Teen Gives Epic Speech After School's Assembly On Skirt Lengths

"I am 15 years old. You do not get to sexualize me like that."

After attending a school assembly about girls’ skirt lengths, a teen in Australia gave a perfect speech to some of her classmates.

Faith Sobotker, a 15-year-old student at Kambrya College, told The Huffington Post that her school required girls from year seven to year 10 to attend an assembly on Aug. 18. According to Sobotker, a vice principal told the students that it wasn’t “ladylike” to wear their skirts “so short,” and that wearing said skirts the way the female students do showed that they had “no self-respect or integrity.”

After the assembly ended, Sobotker shared her thoughts on the assembly with her peers, which her friend caught on camera. In the video, which has been viewed more than 297,000 times on Daily Life’s Facebook, Sobotker perfectly captured the absurdity of shaming girls for the length of their skirts.

“People know that I have legs, I have knees, I have thighs, OK?” she said.

The teen also noted that “we don’t live in the ‘50s anymore” and addressed the damage that can be done to young women by focusing so much on what they wear. 

“I’m looking for equality,” she said. “I’m looking for being able to show off my body without being sexualized. I am 15 years old. You do not get to sexualize me like that.”

As Mashable Australia pointed out, Kambrya College is one of 71 Australian schools involved in a “porn ring,” which includes boys sharing nude photos of female students without their permission.

In a statement to The Huffington Post, Kambrya College principal Michael Muscat said the assembly focused on the school’s “existing uniform policy” and that the “recent exploitation of girls online” and the assembly were not linked. Muscat also said as far as the school knows, none of Kambrya College’s students were affected by the “porn ring.”

Scroll down to see the school’s statement in full.

Whatever the reason for the assembly, Sobotker is “sick of the sexism.” She told HuffPost that what sparked her response to the assembly was the assumption that she and her classmates wore their skirts for the boys, and that wearing an item of clothing a certain way determined their self-respect.

In her speech, she stressed that she doesn’t want these sexist outlooks to affect how girls view their bodies:

“I do not want these girls to be growing up in a society where they need to believe that their body [has] ... to be a certain way, because they can be however they want to be,” she said. “They can be however makes them comfortable and confident.” 

UPDATE ― 8/25:

After reaching out for comment, The Huffington Post received this statement from Kambrya College principal Michael Muscat (emphasis in original statement):

Last week we held an assembly where we talked to students about sexting, social media and respect.

We chose to separate boys and girls and different years to create smaller groups and encourage open dialogue. We also took this opportunity to remind students of our existing uniform policy which was finalised last year after consultation with staff, students and parents.

I want to be clear here and say that in no way did we suggest that what girls wear makes harassment or abuse acceptable. This is never the case.
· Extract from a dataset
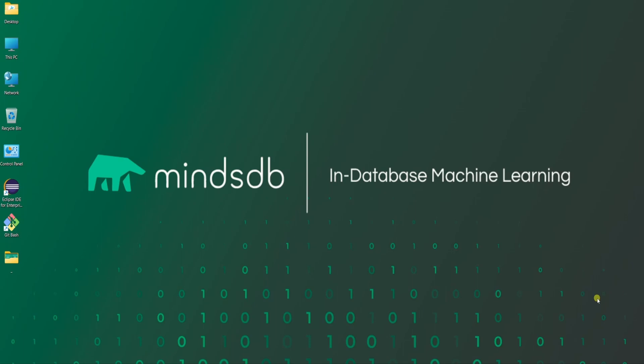Hello everyone, welcome to another video in the predicting with MindsDB series. In this video, we will be predicting the value of Toyota cars using MindsDB. So, let's get started.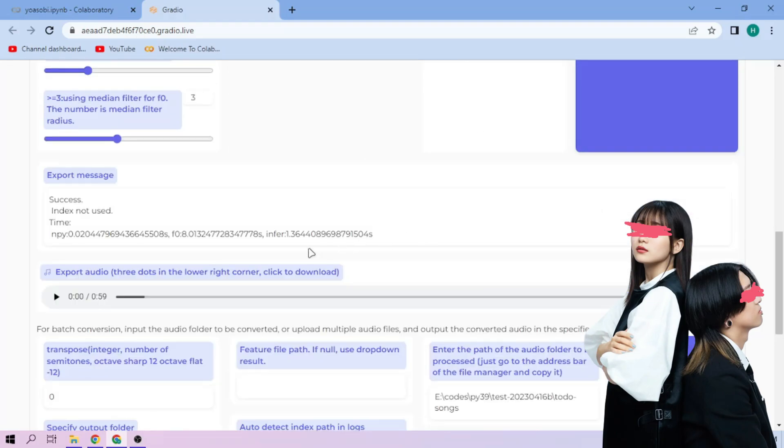Here we can play our cover audio. To download the audio, click the three dot mark and download.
The enforcement of our uniform policy and the abuse and the recent exploitation of girls online are separate issues and should be treated as such.

In public discussion about these two issues at Kambrya College they have, however, become linked. We regret this. It was never our intention that this should occur.

Kambrya College strives to be a highly inclusive school in every respect.  As part of this we run respectful relationships education which seeks to tackle gender stereotypes, sexism and violence against women.

As far as we know none of our students were affected by the pornographic website which came to prominence last week, but they had all heard about it and we wanted to set their minds at rest.